However, I listen to a decent amount of 44khz family that has quite a few apodizing errors…so my question to @jussi_laako

1- What is closest in terms of style, design, and technical performance to sinc-medium (my usual go to) but is a apodizing filter? I know you said you can’t do a sinc-medium (a) but if you could design something that could I would buy you a beer, seriously. A few of them.

2-What are your thoughts on bit depth conversion from 16 or 24 to 64 bit I see some doing on roon? Why do they do this? Does this make it easier on Hqplayer, although not as good, to do a certain filter combo? Dream list - sinc-medium filter that can do any family and not fixed (like Sinc-L ect) but has an apodizing function. Pretty please? Sinc-Medium with ASDM7EC-Super 512 Fs is pretty damn awesome.

3- Can you clarify if you do auto family rate, does this use more or less gpu when using cuda offload?

4- Do you find 44 family to 48 family DSD (if supported) has benefit or no?

5- Can you give a taste of what’s in the pipeline? Please don’t just focus on 1024 and up, the very best clocks you can get performance wise right now (SC-Pure) by Ian Canada can only do 512 right now.

6- Technical benefit with short buffer vs standard vs increasing buffer size? I go back and forth, but I think the short buffer sounds better on my system (but this could be due to server, switch, and end point are clocked with a GPSDO OCXO NTP clock and I am using Diretta which really benefits from the lowest latency possible.

Thank you very much

This is a very difficult question. There’s nothing really similar. You can try for example poly-sinc-ext3 or poly-sinc-gauss-xla. These are very different kind of design though, and will have better technical performance. And I would also say very different in style.

The math sinc-S/L group and sinc-short/medium/long are based on doesn’t really work properly for an apodizing filter.

Roon automatically outputs 64-bit to HQPlayer when some DSP processing is enabled at Roon side for HQPlayer output. This is to maintain as much resolution as possible when handing over the intermediate data.

But whenever possible it is best to do all processing at HQPlayer side and keep Roon sending bit-perfect data to HQPlayer. It is not possible for all DSP cases though, such as volume leveling or cross-fades, because Roon doesn’t support doing that at HQPlayer side (although HQPlayer API supports it).

Yes, but only when there would be conversion between rate families.

Only small, since the 48k family has slightly higher rate.

My approach is to only talk about things that have been completed and are out. Sometimes when people ask for a new feature I may tell if it is already on my TODO-list.

For example those AHM modulators were in the pipeline for years and those are still experimental. Not sure when I would consider first iteration “complete”.

Benefit is less delay, for example from you pressing next-button or seeking in Roon and the result coming out from the DAC. Negative side is that the playback can more easily have drop-outs.

@jussi_laako Thank you very much for your fast response!
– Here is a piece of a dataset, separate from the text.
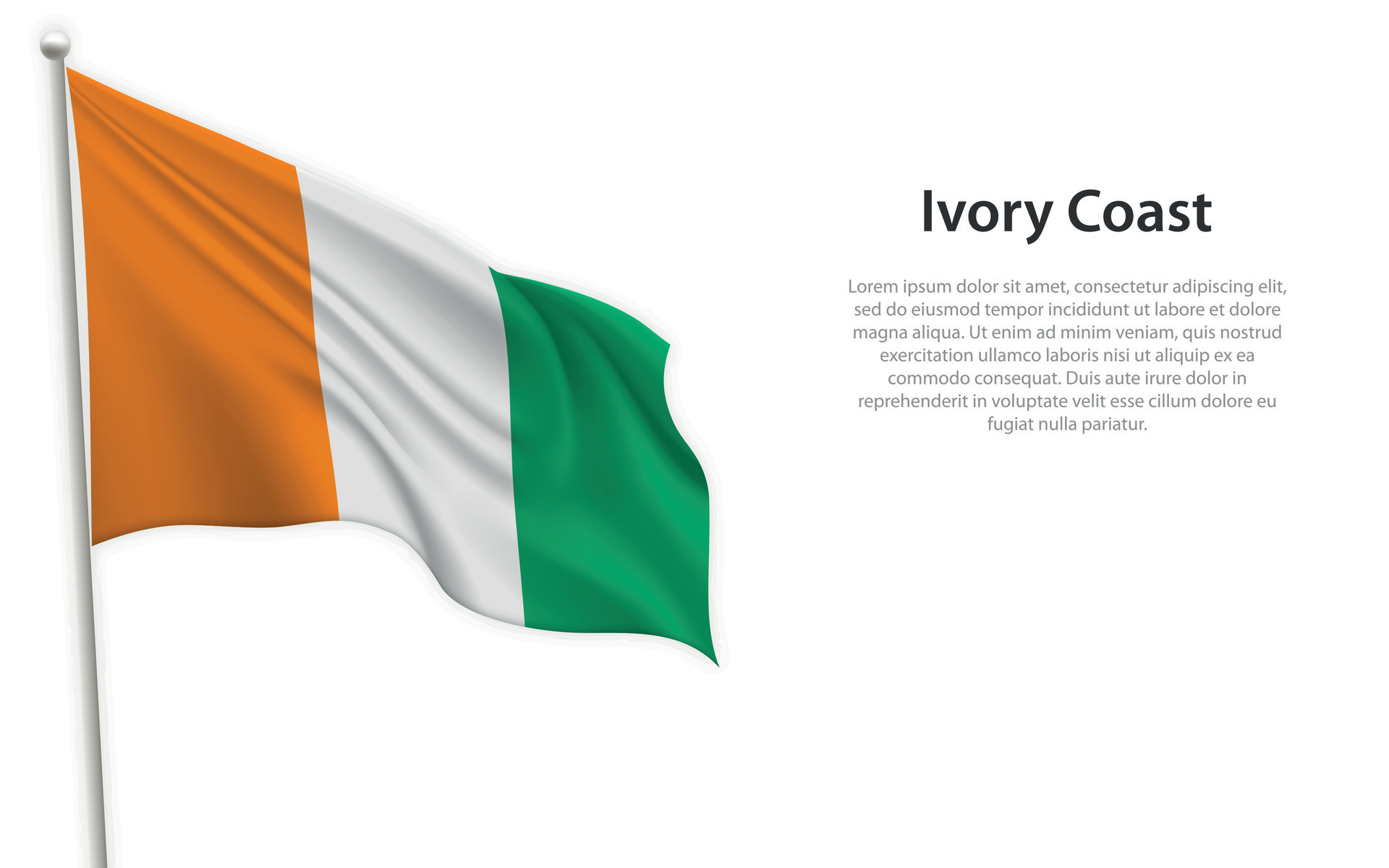 Ireland and Cote D'Ivoire flag waving in the wind against white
You rock!

1- It seems odd that the sinc-small medium and large required quite a bit more processing power to do compared to most of the poly since family, but you say the poly-sinc-ext3 and poly-sinc-gauss-xla are better in technical terms?

so that leads to the question, in your oppinion, understanding the math and filters, what combo has the best technical performance? I belive you said the best you can do now on the modulator side, in terms of technical performance (which obviously isn’t everything) but the ASDM7EC-super 512fs, which I find is the best sounding now on my system. What about filter, though? God, I really wish Sinc-Medium could have an apodizing filter it sounds SO good.
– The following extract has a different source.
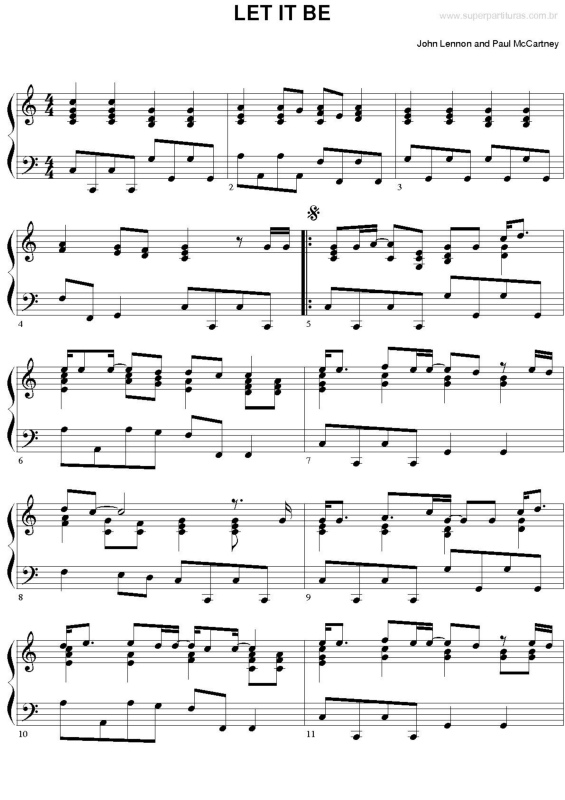 Partitura da música Let it Be v.4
2- I use Ian canda’s FIFO q7, using 45 and 49mhz SC-pure’s, If you have both clocks, and you enable auto family rate AND 48k DSD, there never should be switching between the families, right? Supposing 48k DSD is supported and both the 45/49 does each family?

3-How can I force all 44 content to 48 family for DSD 512? Would this be setting set frequency?
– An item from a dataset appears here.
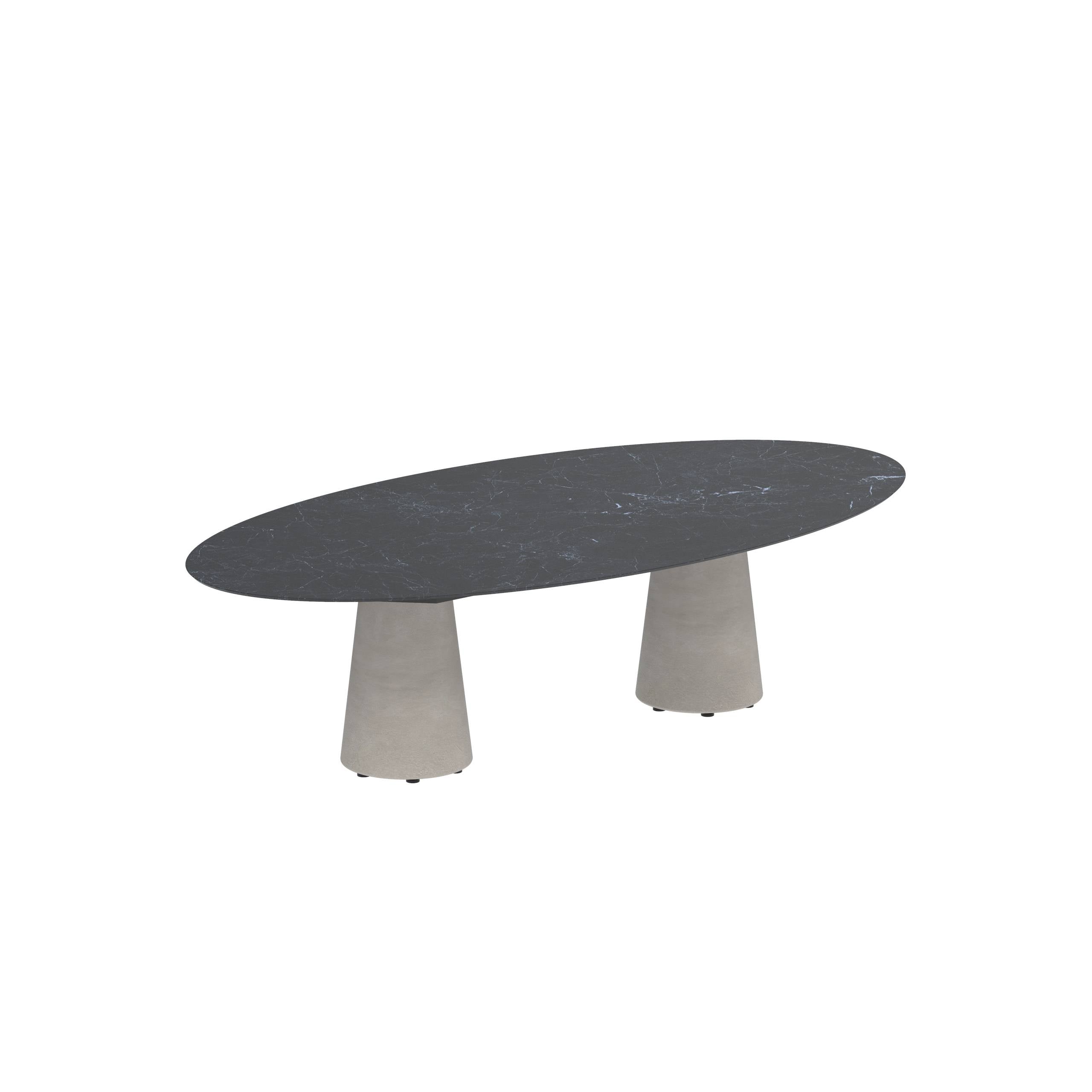 Conix Table Ellipse 250x130 Cm Low Dining Legs Concrete Cement Grey - Table Top Ceramic Nero Marquina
4-Any chance the android control application will be able to do the on the fly filter and modulator changes? I am using HQPDcontrol v4 and it currently cant do on the fly changes, which stinks for ease of use.

5-Does Hqplayer utilize the 3rd generation and on Tensor cores on Nvidia GPU’s? The third gen is when they enabled them to do fp64 calculations. However I still struggle fully understanding the way Hqplayer uses higher fp calculations than 64 when there are no true dedicated cores to this. To utilize tensor cores for fp64 on the third and fourth gen tensor cores, it needs to be IEEE-compliant FP64 instructions.

6- This leads to my question of understanding how even the 4090 can do well with hqplayer despite having very very very few dedicated fp64 cores. It does have 512 tensor cores, which are really good at matrix math (if hqplayer is matrix math) and if the code utilizes these cores, it makes sense why the card works well. Otherwise, I cant see how the GFX cards can do all the high precision math that’s needed with hqplayer. I think of hqplayer’s math requirements as AI training, which really would need Nvidia’s more fp64 targeted cards (unless you use Tensor cores, which I hope you do code for because this would be a way to get that high end AI training from consumer level cards.)

I really appricate your time. I am a technical thinker and person, I can’t be happy with just A or B, lol.

Yes, higher load doesn’t necessarily mean better result. In this particular case the filter needs to be huge to reach decent quality.

Those two are on the longer side of good filters. poly-sinc-ext2 and poly-sinc-gauss-long/poly-sinc-gauss-hires are just as good.

There is no black and white answer to this. But for example poly-sinc-ext2/ext3 and poly-sinc-gauss group, especially gauss-long/xl(a)/hires are very good.

But don’t worry too much, focus more on what you like. Although if manual says “not recommended” about some algorithm you can take a note about that.

Set your output rate request to the 48k x512 and then clear the “adaptive rate” check box. You can also temporarily force output to any specific rate from Client, instead of “Auto”.

I hope the developer will add support for that too!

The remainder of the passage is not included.